Personal information
- Born: 10 May 1988 (age 38) Durán, Guayas, Ecuador
- Height: 183 cm (6 ft 0 in)
- Weight: 91 kg (201 lb)

Boxing career
- Weight class: Heavyweight, Light heavyweight
- Stance: Southpaw

Boxing record
- Total fights: 53
- Wins: 32
- Win by KO: 1
- Losses: 21
- Draws: 0
- No contests: 0

Medal record
Men's boxing
Representing Ecuador
World Championships
| Silver medal – second place | 2019 Yekaterinburg | Heavyweight |
Pan American Games
| Silver medal – second place | 2011 Guadalajara | Heavyweight |
| Silver medal – second place | 2019 Lima | Heavyweight |
| Bronze medal – third place | 2007 Rio | Light heavyweight |
| Bronze medal – third place | 2023 Santiago | Heavyweight |
Pan American Championship
| Bronze medal – third place | 2017 Tegucigalpa | Heavyweight |
South American Games
| Gold medal – first place | 2010 Medellín | Heavyweight |
| Gold medal – first place | 2022 Asunción | Heavyweight |
| Silver medal – second place | 2018 Cochabamba | Heavyweight |
| Bronze medal – third place | 2006 Buenos Aires | Light heavyweight |

= Julio Castillo (boxer) =

Ecuadorian boxer (born 1988)

Julio César Castillo Torres (born 10 May 1988) is an Ecuadorian amateur boxer.

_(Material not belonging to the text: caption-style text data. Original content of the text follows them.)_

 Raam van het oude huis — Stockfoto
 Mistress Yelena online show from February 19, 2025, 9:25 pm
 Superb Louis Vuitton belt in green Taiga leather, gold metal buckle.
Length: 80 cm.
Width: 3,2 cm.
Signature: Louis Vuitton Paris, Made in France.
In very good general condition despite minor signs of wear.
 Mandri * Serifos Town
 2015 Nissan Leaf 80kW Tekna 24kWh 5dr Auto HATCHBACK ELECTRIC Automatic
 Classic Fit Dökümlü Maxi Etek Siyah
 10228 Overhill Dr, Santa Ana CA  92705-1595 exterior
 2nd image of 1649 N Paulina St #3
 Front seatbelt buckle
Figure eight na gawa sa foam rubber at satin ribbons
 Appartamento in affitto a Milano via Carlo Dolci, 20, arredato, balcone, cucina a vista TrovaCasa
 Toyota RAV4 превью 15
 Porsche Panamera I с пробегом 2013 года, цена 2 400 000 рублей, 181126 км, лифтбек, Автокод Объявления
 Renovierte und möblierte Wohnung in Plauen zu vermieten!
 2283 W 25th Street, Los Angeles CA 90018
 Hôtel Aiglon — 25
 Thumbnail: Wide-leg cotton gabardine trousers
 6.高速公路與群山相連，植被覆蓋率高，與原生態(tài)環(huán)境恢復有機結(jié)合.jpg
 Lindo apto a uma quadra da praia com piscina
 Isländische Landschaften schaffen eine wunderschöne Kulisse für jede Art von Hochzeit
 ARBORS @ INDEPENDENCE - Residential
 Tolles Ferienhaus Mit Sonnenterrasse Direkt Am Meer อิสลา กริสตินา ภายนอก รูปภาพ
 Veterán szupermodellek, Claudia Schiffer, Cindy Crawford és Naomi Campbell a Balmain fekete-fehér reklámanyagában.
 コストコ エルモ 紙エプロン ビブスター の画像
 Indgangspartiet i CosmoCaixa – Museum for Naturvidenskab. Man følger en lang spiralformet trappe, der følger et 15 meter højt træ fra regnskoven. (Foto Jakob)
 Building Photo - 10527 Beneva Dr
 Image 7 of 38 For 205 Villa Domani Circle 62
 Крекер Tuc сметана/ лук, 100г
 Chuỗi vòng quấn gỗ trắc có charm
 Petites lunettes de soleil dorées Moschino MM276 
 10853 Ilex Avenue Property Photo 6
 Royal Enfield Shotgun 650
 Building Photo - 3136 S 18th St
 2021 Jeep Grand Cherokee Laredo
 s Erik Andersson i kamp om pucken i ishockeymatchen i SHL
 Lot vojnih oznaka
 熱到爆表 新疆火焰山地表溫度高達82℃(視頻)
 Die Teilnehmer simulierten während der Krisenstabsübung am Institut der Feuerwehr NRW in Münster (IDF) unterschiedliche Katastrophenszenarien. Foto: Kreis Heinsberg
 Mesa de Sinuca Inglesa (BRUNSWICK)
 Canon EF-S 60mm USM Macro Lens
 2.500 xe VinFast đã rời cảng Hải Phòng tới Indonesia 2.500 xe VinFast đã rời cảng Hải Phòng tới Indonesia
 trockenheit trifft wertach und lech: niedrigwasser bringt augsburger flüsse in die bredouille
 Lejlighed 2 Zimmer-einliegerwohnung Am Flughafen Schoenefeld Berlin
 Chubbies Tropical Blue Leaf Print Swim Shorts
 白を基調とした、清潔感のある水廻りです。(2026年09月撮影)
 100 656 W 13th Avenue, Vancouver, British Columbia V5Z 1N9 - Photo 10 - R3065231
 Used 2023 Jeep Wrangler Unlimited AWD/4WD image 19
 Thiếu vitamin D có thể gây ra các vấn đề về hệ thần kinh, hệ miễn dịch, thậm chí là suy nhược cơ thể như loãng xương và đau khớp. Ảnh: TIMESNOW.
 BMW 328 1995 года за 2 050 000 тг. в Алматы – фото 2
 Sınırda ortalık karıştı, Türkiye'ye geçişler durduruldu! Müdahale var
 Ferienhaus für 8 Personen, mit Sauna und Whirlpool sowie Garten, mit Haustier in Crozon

He won two medals at the Pan American Games: a bronze in 2007 and a silver in 2011.

==Career==
At the 2006 South American Games, Castillo lost to Hamilton Ventura in the semifinals and ended up with a bronze medal. At the 2007 Pan American Games, he won 15:5 against Carlos Negron, but lost to the eventual winner Eleider Alvarez 8:10 in the semifinal. He failed to qualify for the 2008 Summer Olympics and went up to heavyweight, winning a silver at the 2011 Pan American Games.

At the 2012 Olympic qualifier, he lost 8:14 to Michael Hunter, but qualified for the Olympics on the strength of "two wins vs no-names". He lost in the first bout at both the 2012 and 2016 Olympics.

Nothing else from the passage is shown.